Task requirements ▸ Every line of the data below that holds the string "Black" needs to be reported.

▼

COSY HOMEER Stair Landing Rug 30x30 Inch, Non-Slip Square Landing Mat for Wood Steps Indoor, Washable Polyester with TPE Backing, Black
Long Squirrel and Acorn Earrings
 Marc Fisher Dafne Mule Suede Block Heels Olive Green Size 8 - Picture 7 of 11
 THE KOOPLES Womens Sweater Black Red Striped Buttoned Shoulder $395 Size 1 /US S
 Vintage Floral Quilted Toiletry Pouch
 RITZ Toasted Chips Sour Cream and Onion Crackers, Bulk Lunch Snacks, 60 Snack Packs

▲

Answer area ▸
COSY HOMEER Stair Landing Rug 30x30 Inch, Non-Slip Square Landing Mat for Wood Steps Indoor, Washable Polyester with TPE Backing, Black
 THE KOOPLES Womens Sweater Black Red Striped Buttoned Shoulder $395 Size 1 /US S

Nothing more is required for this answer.